FIG. 2 shows a simple way of achieving such a processor with a wye connector 200 for two head trackers 210 and 210A. Head trackers 210 and 210A may be VideoOrbits Head Trackers (VOHTs) that each receive an input from video camera sensors 101 and 130.
 VideoOrbits Head Trackers are commonly used to control the position of a cursor on a computer screen. For example, head trackers 210 and 210A can output signals that would normally be read by a PS/2 mouse input on a standard computer. In this case, the wye connector 200 can simply be a PS/2 wye connector as is commonly available commercially. In this way, by mounting one of the sensors upside down with respect to the other, a subtraction operation is performed for free, to give rise to a differential guidance system.
 Note that only one of these two devices is actually worn on the head, so the other one that is not worn on the head should (or could) really better be referred to as a vehicle tracking device.
 Various other kinds of head tracking devices may be used, one being worn on the head, and the other being placed in or in the vehicle.
 The head tracker comprised of sensor 130 can be used to steer left and right by looking left and right, but also a throttle speed and direction can be controlled by looking up and down. Thus velocity control is provided by looking up and down. To speed up, the driver looks up, and to speed down, the driver looks down. Velocity provides direction, preferably in a proportional manner, so that if the user looks down the car will slow down and eventually stop and speed up in the reverse direction. To slow down quickly, the driver can look all the way down, to put the engine(s) into full reverse. Then the driver can look straight ahead when the car reaches a standstill, in order to stop it from reversing due to the engine(s) being in reverse.
 The invention can also be used to fly reconaissance airplanes that are outfitted with sensors such as television cameras with wireless communication. The full three degrees of freedom (yaw, pitch, and roll) of the pilot's head can then be used to fly the airplane, and allow the pilot to turn left and right, as well as turn up and down, as well as adjust the throttle.

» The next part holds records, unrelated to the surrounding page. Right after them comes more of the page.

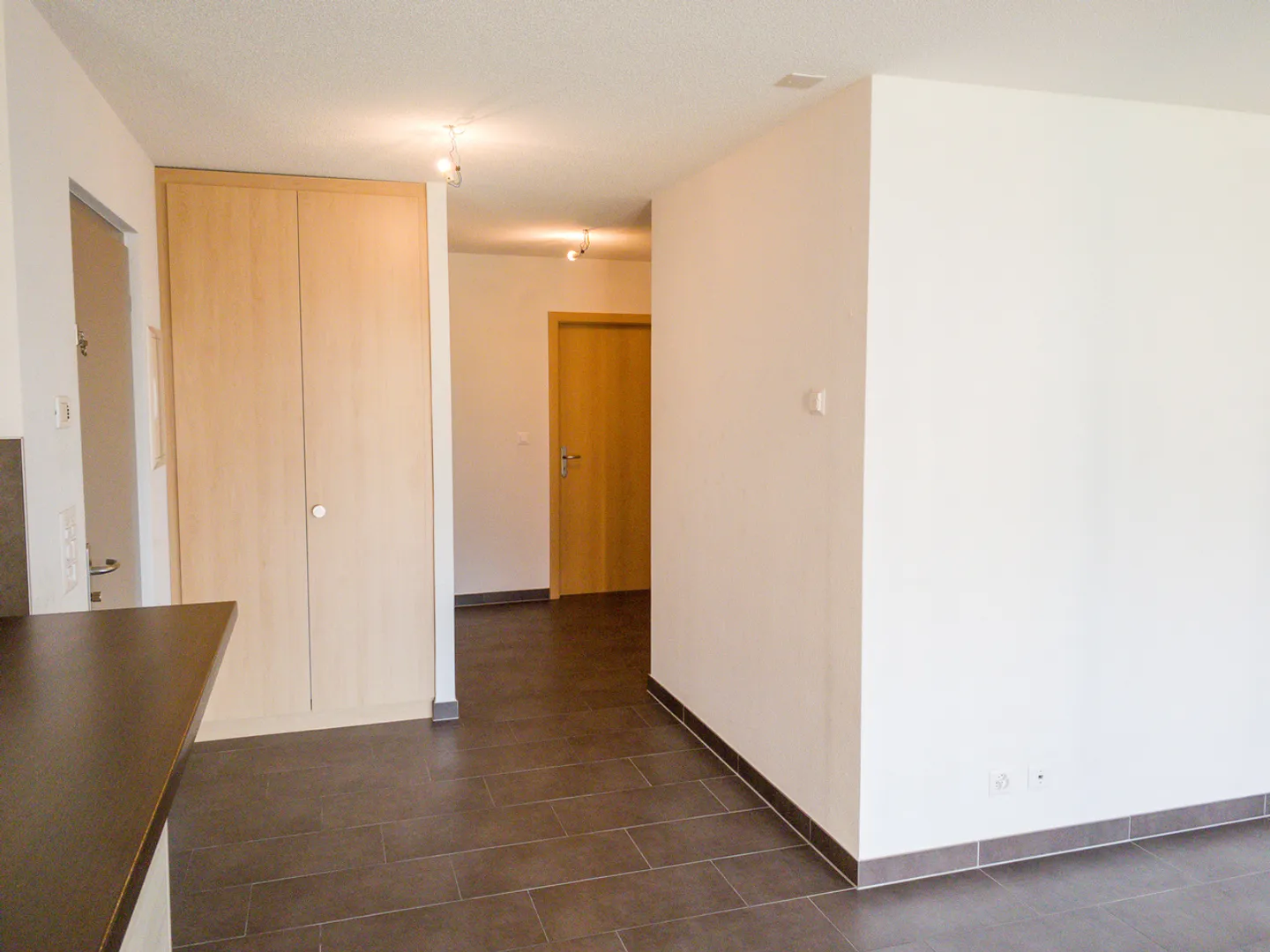 Superb 4.5 room bright apartment with balcony - Conthey - Photo 5 of 14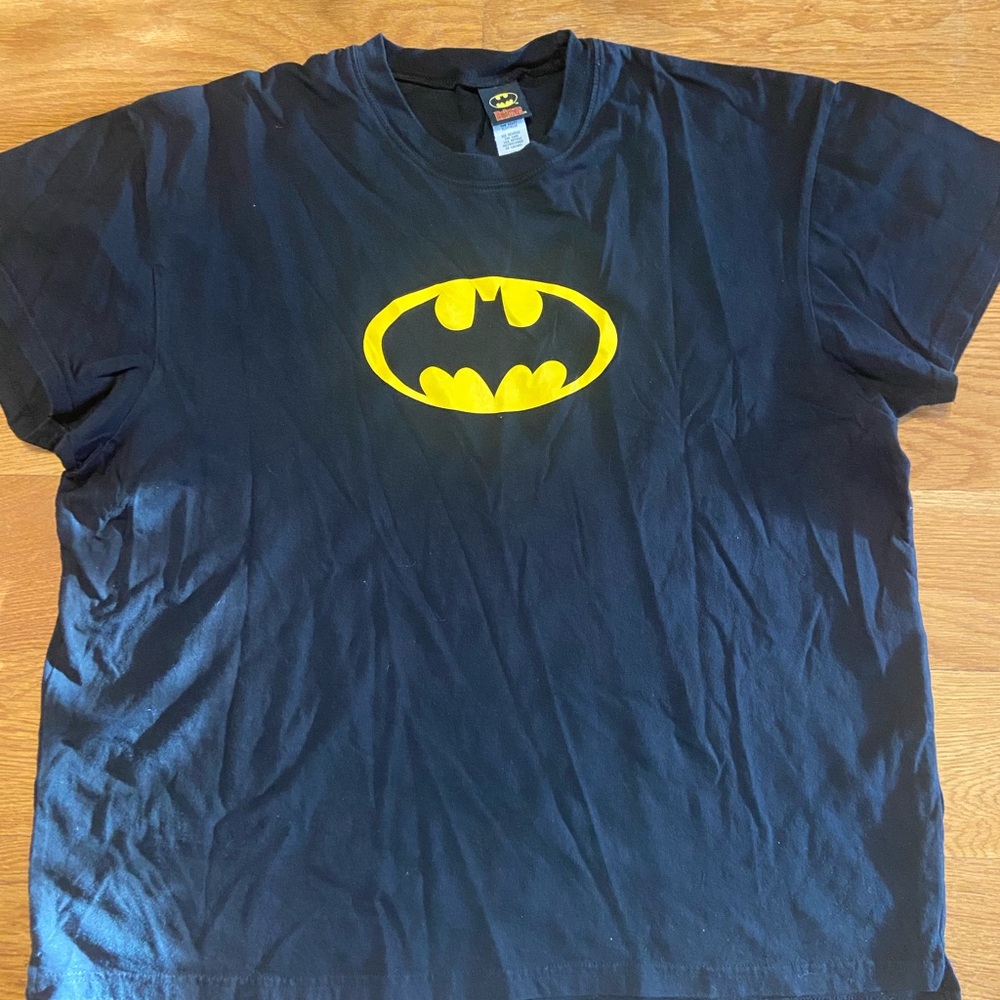 Batman Logo T-Shirt - Black and Yellow XL
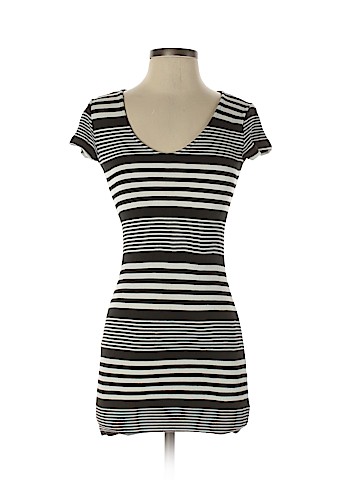 Forever 21 Casual Dress (view 1)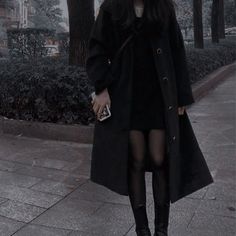 Dark Academia Outfit Women, Dark Academia Outfit Aesthetic, Academia Outfits Aesthetic, Dark Academia Aesthetic Outfit, Wednesday Outfit, Chic Black Outfits, Academia Aesthetic Outfit, Dark Academia Outfits, Dark Academia Outfit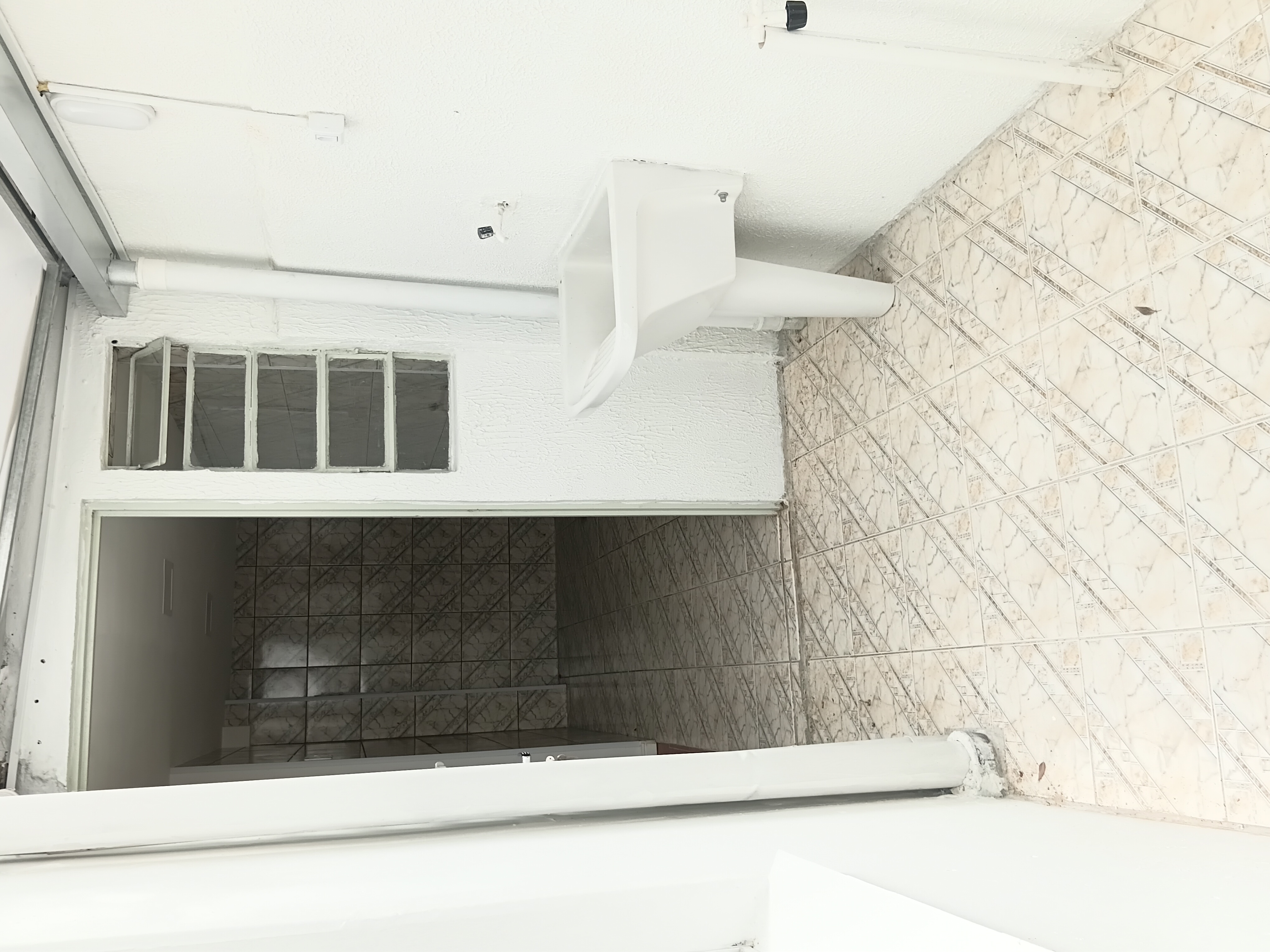Apartamento para alugar com 50m², 2 quartos no bairro Menino Deus em Porto Alegre - Foto 11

 Additionally, even when driving a car (where only 2 degrees of freedom are needed), the third degree of freedom can be used as a meta control. For example, a driver may wish to turn his or her head without affecting the car. Thus there can be an on/off control that is accessed by rotating the head about the effective optical center of camera sensor 130. Rotating the head is the meta control, whereas looking up and down or left and right are the actual controls (throttle and steering). Other forms of meta control may include rotating the head while looking left or right. Rotating the head while looking up and down can also be meta commands.
 Flying a radio controlled helicopter, being more complicated, can also make good use of these meta commands, along with intelligent visual feedback, to achieve a good implementation of Humanistic Intelligence (H.I.).
FIG. 3 depicts a situation in which the driver of the vehicle would like to be inside the vehicle rather than outside of it. In this case, the situation as to which camera is upside down is reversed, since the driver would like to see normally through a wearable camera sensor 130 that is upright, whereas the reference camera sensor 101 is upside down. Instead of a headworn camera sensor 130, an EyeTap 330 may be used. The figure depicts the right eye of the wearer 300 being tapped. A wireless communications link allows the wearer 300 access to control apparatus to communicate with the vehicle and control the vehicle.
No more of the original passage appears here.